La donna resta ricoverata in gravissime condizioni all’ospedale Santa Maria di Terni. L’uomo era stato rintracciato a Vascigliano dopo due giorni di fuga
Si terrà oggi alle 13.15 davanti al gip Francesco Maria Vincenzoni, al Tribunale di Terni, l’udienza di convalida del fermo e l’interrogatorio di garanzia di Mohamed El Messaoudi, il 42enne marocchino accusato di aver aggredito la moglie 43enne sabato scorso a bordo del bus di linea 22 a Santa Lucia di Stroncone.
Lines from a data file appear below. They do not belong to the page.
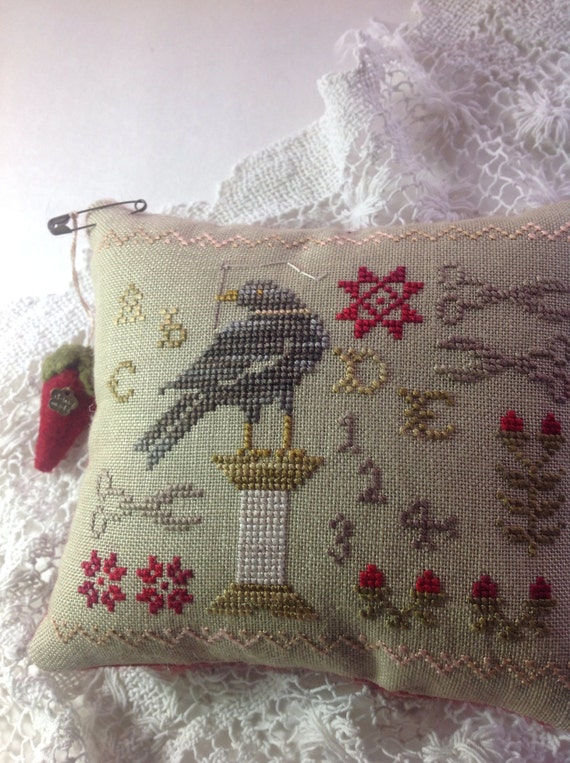 Hand stitched primitive pincushion bowl filler with blackbird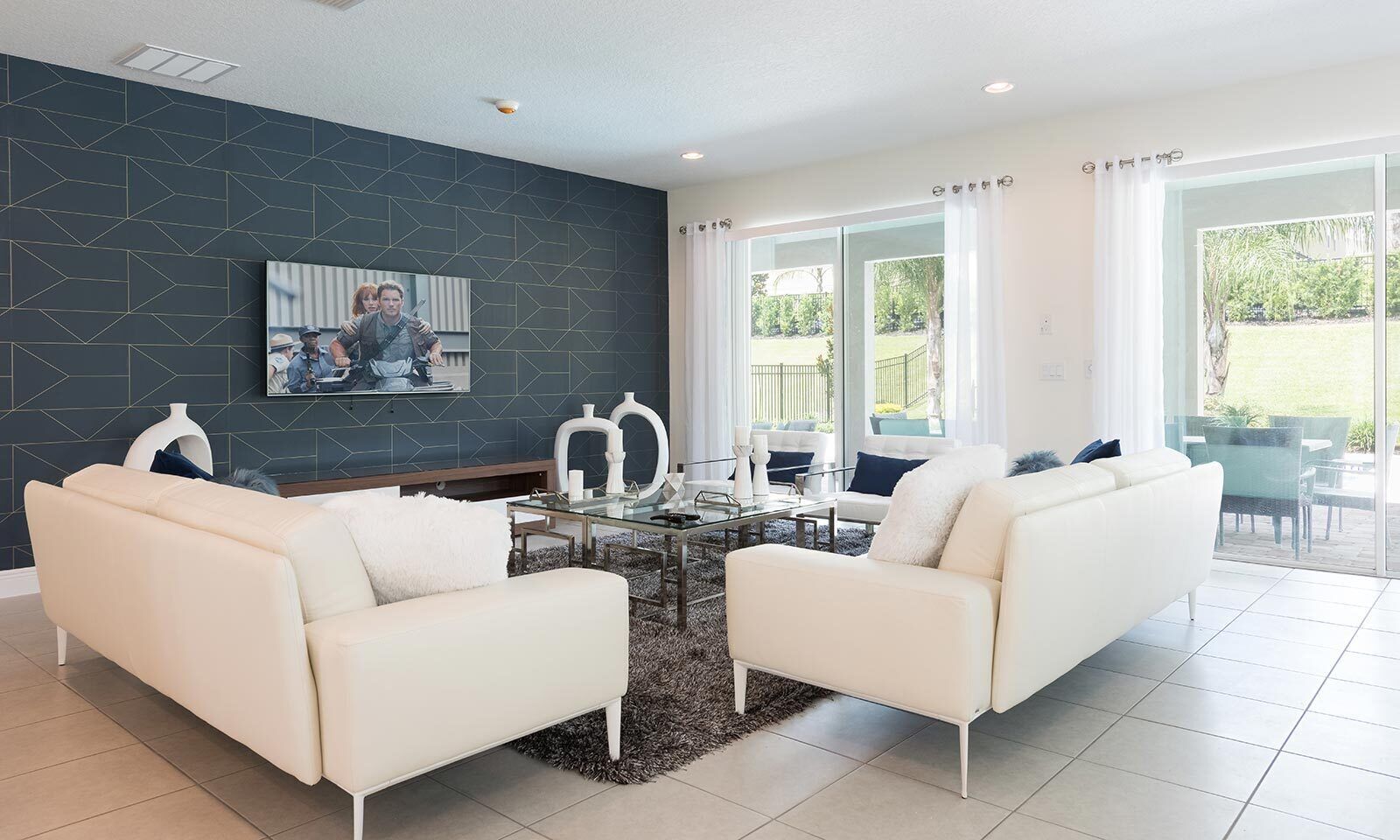 Un salon moderne avec deux canapés blancs, une table basse en verre et un mur d’accent de couleur foncée orné d’un motif géométrique.
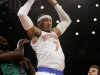 New York Knicks' Carmelo Anthony dunks over Boston Celtics' Jeff Green, left, and Shavlik Randolph during the first half of the NBA basketball game at Madison Square Garden, Sunday, March 31, 2013, in New York. (AP Photo/Seth Wenig)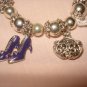 Silver stretch bracelet with enameled purse & shoe charms - eg23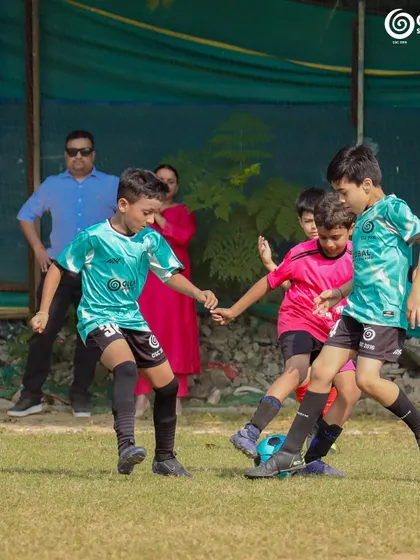 A player from GSC battles for the ball against a Manav Rachna FC opponent.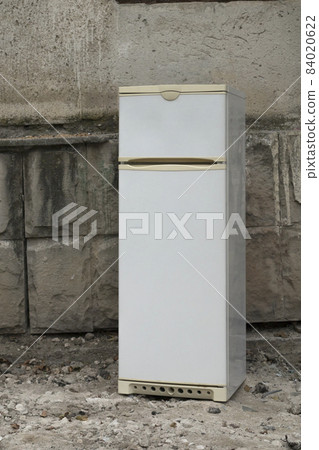 An old refrigerator was thrown away on the street. 84020622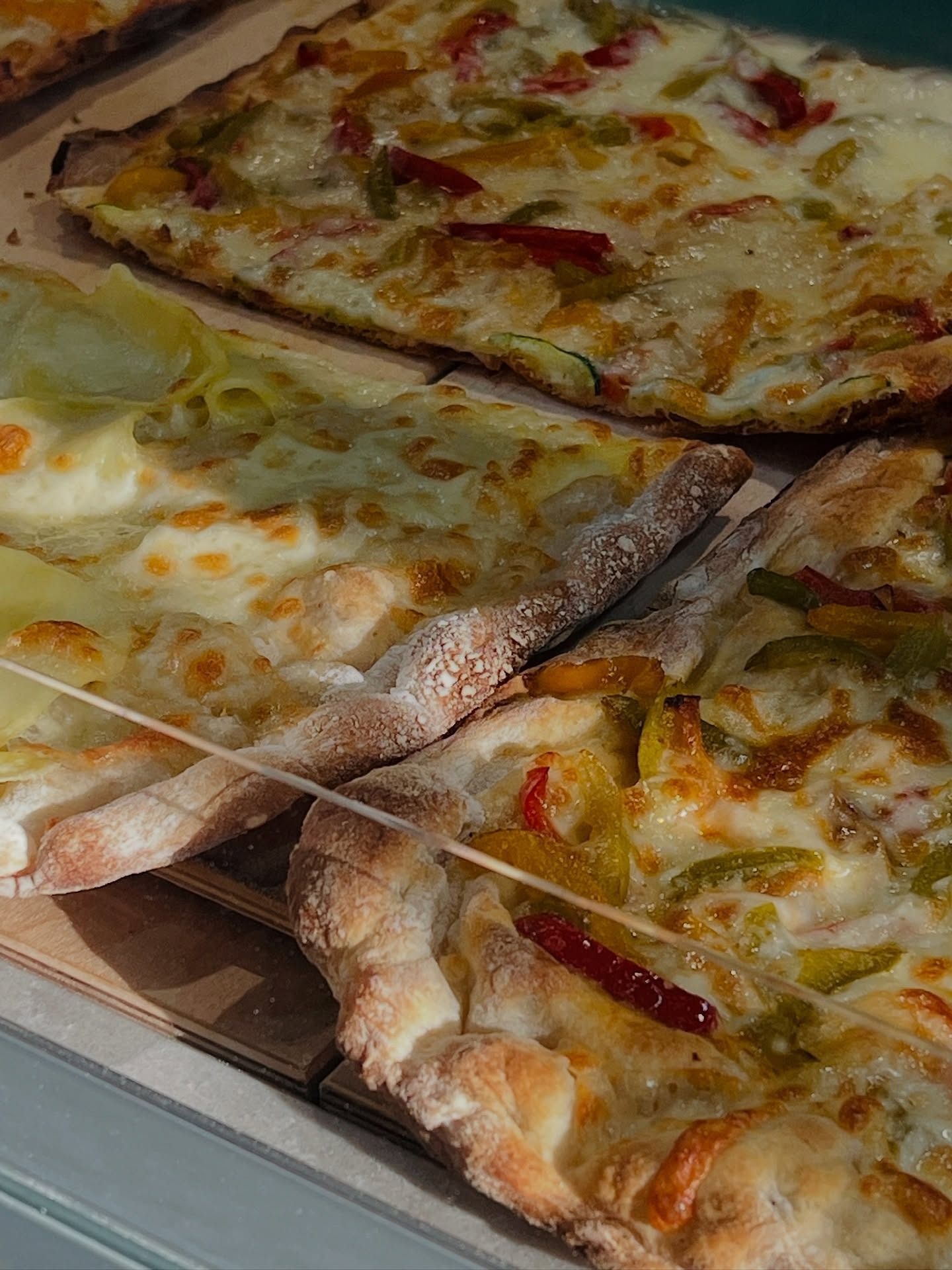 Tre fette di pizza con i condimenti, in primo piano. Si vedono le croste, con formaggio fuso e peperoni rossi/verdi.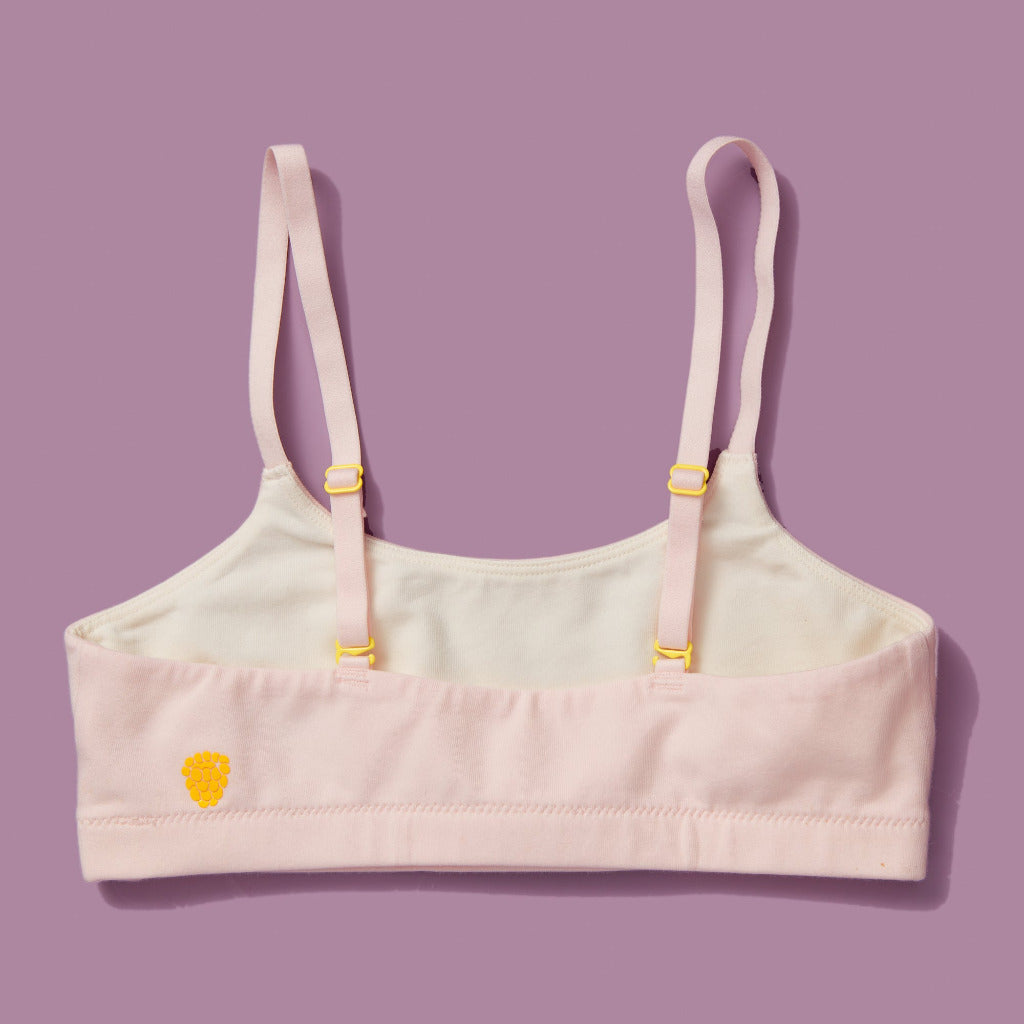 High-quality, all-natural, antimicrobial  Yellowberry Pipit First Training Bra. Super soft, all-natural cotton beginner bra. Supportive everyday bra with no underwires. High-quality, double-layered fabric. No padding. Designed with sensitive skin. Machine wash, and dry. Best teenager bra for active girls, tweens, and teens. Female founded, female owned brand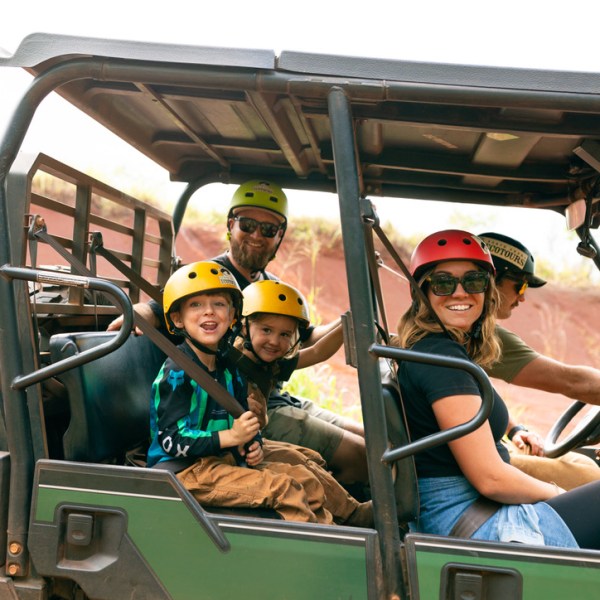 Family in helmets riding an off-road vehicle outdoors.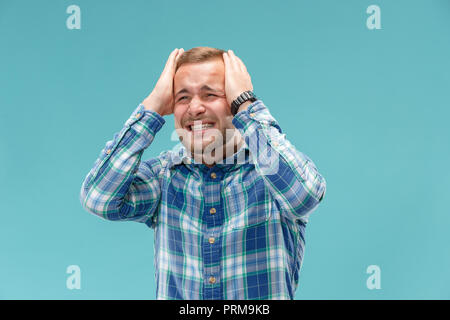 Horrible, stress, choc. Portrait de mi-longueur mâle isolée au studio bleu. Jeune homme malheureux émotionnelle qui serre la tête dans les mains. Les émotions humaines, l'expression faciale concept. Couleurs tendance Banque D'Images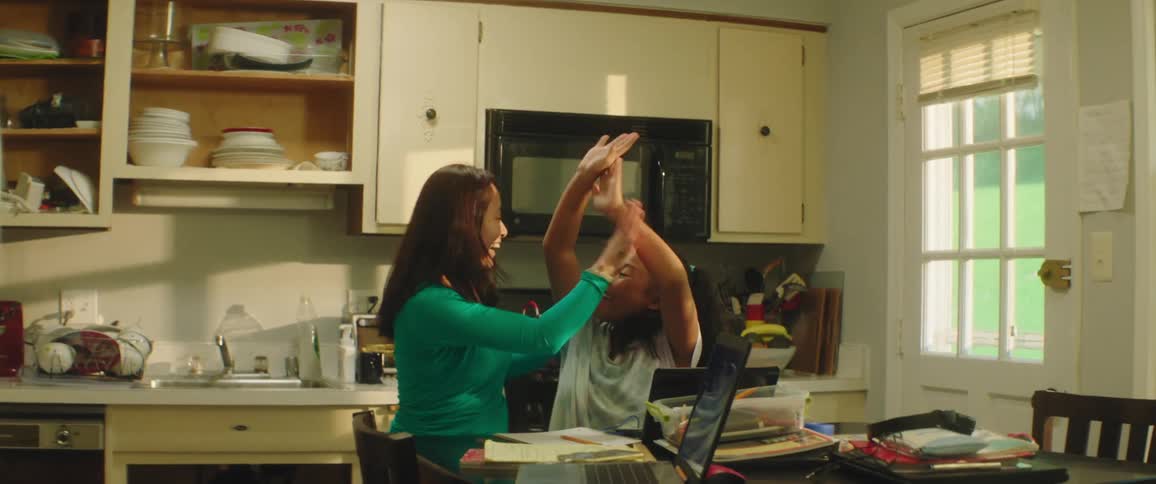 Teacher celebrates with student over homework during a homeschooling session in the kitchen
L’uomo, dopo la fuga seguita all’aggressione, è stato rintracciato martedì mattina dai carabinieri a Vascigliano. Secondo quanto ricostruito dagli investigatori, dopo essersi nascosto per circa due giorni nella zona di Stroncone, il 42enne sarebbe entrato nel bar Coffee Time 3 dove avrebbe consumato una colazione chiedendo anche un biglietto dell’autobus. A riconoscerlo sarebbero state le due bariste del locale che, dopo aver visto la sua fotografia diffusa nelle ore precedenti, hanno immediatamente avvisato i carabinieri.
I militari dell’Arma lo hanno quindi fermato poco dopo lungo la strada regionale 313 e condotto nella caserma di via Radice. Le ricerche erano partite subito dopo l’aggressione sul bus e avevano coinvolto anche reparti specializzati, tra cui cani molecolari, droni ed elicotteri.
La donna resta ricoverata nel reparto di rianimazione dell’ospedale Santa Maria di Terni in condizioni gravissime. Secondo quanto riferito dalla Procura, sarebbe stata colpita più volte con un martello nel corso dell’aggressione avvenuta sul mezzo pubblico.
Gli investigatori stanno ora lavorando per ricostruire nel dettaglio la dinamica dei fatti e le ore precedenti all’aggressione. Tra gli elementi al vaglio degli inquirenti anche l’acquisto del martello utilizzato, che secondo gli accertamenti sarebbe stato comprato poco tempo prima.
Nei confronti del 42enne la Procura ha disposto il fermo con l’accusa di tentato omicidio aggravato dalla crudeltà, contestazione che potrà essere ulteriormente valutata nel prosieguo delle indagini.